Without any of its pictures, the listing below should be output exactly.

*Input data:*
══════

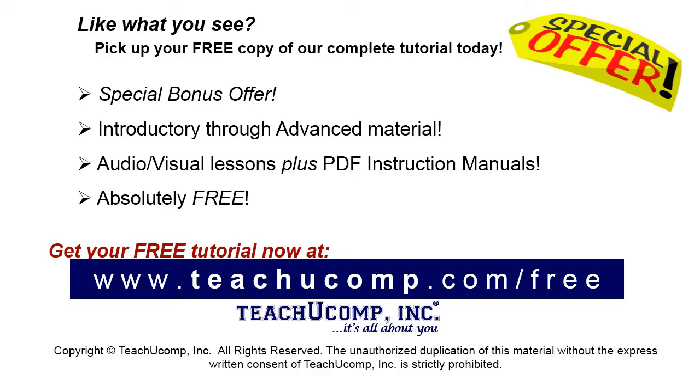Like what you see? Pick up your free copy of the complete tutorial at www.teachucomp.com forward slash free.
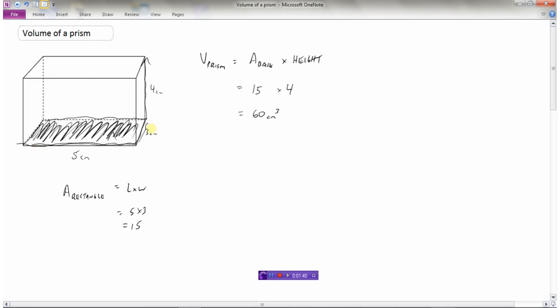Since our units are in centimeters, volume will be in centimeters cubed — there's a length, a width, and a height. When finding volumes of prisms, it's a matter of finding the area of the base and multiplying by how tall the object is. For this rectangular prism, the volume would be sixty centimeters cubed.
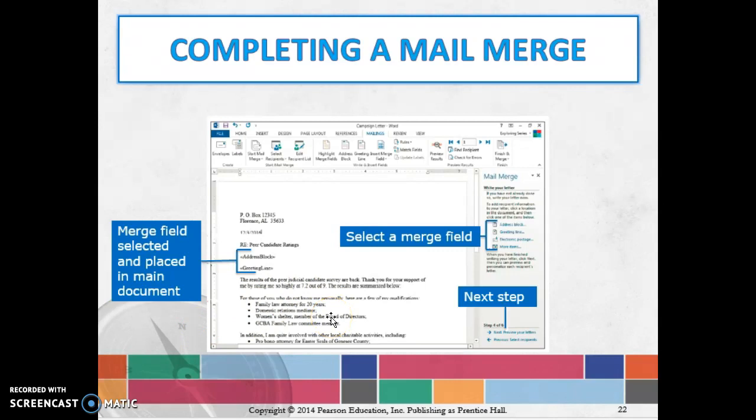Once you actually complete the mail merge, it's going to populate that information for each record into your document. It's probably one of the things that I like best about Word, the ability to do this mail merge.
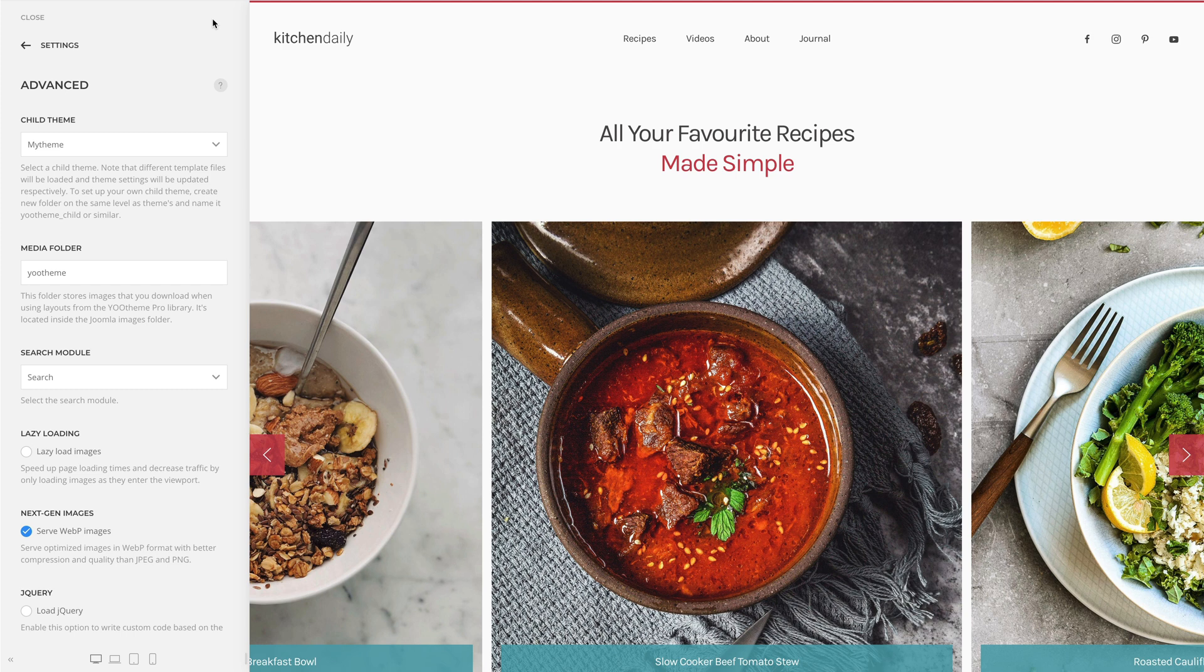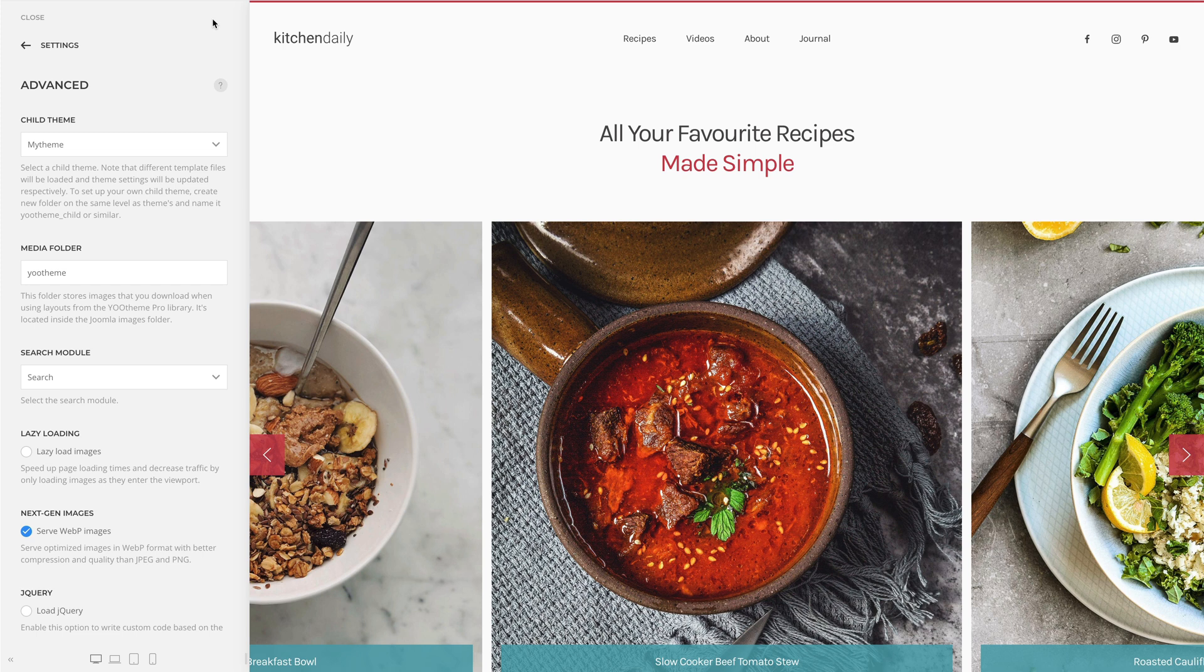Mind that a uTheme Pro child theme does not have its own settings. You can enable or disable the child theme, but the theme settings will stay the same. To have different settings, create a new template style in Joomla and select the child theme there.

══════

*Exercise solution:*
Like what you see? Pick up your free copy of the complete tutorial at www.teachucomp.com forward slash free.
Since our units are in centimeters, volume will be in centimeters cubed — there's a length, a width, and a height. When finding volumes of prisms, it's a matter of finding the area of the base and multiplying by how tall the object is. For this rectangular prism, the volume would be sixty centimeters cubed.
Once you actually complete the mail merge, it's going to populate that information for each record into your document. It's probably one of the things that I like best about Word, the ability to do this mail merge.
Mind that a uTheme Pro child theme does not have its own settings. You can enable or disable the child theme, but the theme settings will stay the same. To have different settings, create a new template style in Joomla and select the child theme there.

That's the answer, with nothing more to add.